[Problem requirements] Repeat the data that follows verbatim. Images are not part of the copy.

═════ Data segment ═════

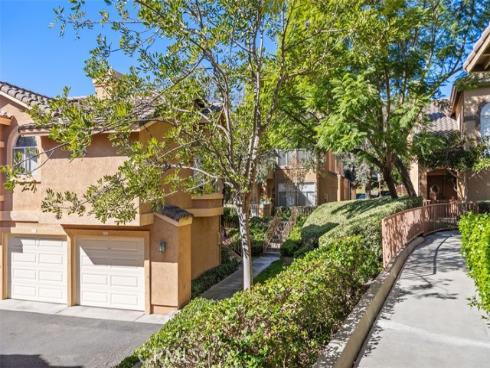 19431  Rue De Valore  , Lake Forest, CA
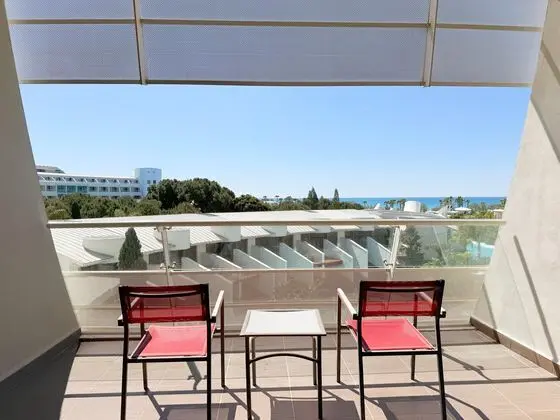 https://images.etstur.com/imgproxy/resize/2560x1440/files/images/hotelImages/etsrooms/304/Cornelia_Diamond_Golf_Resort___Spa_20260505163928_1.jpg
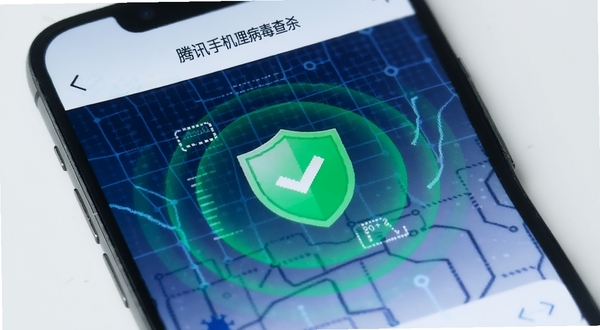 腾讯手机管家病毒查杀界面展示,手机屏幕中央显示绿色安全盾牌图标,周围环绕扫描波纹,背景为深蓝色科技感网格,画面简洁明亮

═════

[The completed task]
 19431  Rue De Valore  , Lake Forest, CA
 https://images.etstur.com/imgproxy/resize/2560x1440/files/images/hotelImages/etsrooms/304/Cornelia_Diamond_Golf_Resort___Spa_20260505163928_1.jpg
 腾讯手机管家病毒查杀界面展示,手机屏幕中央显示绿色安全盾牌图标,周围环绕扫描波纹,背景为深蓝色科技感网格,画面简洁明亮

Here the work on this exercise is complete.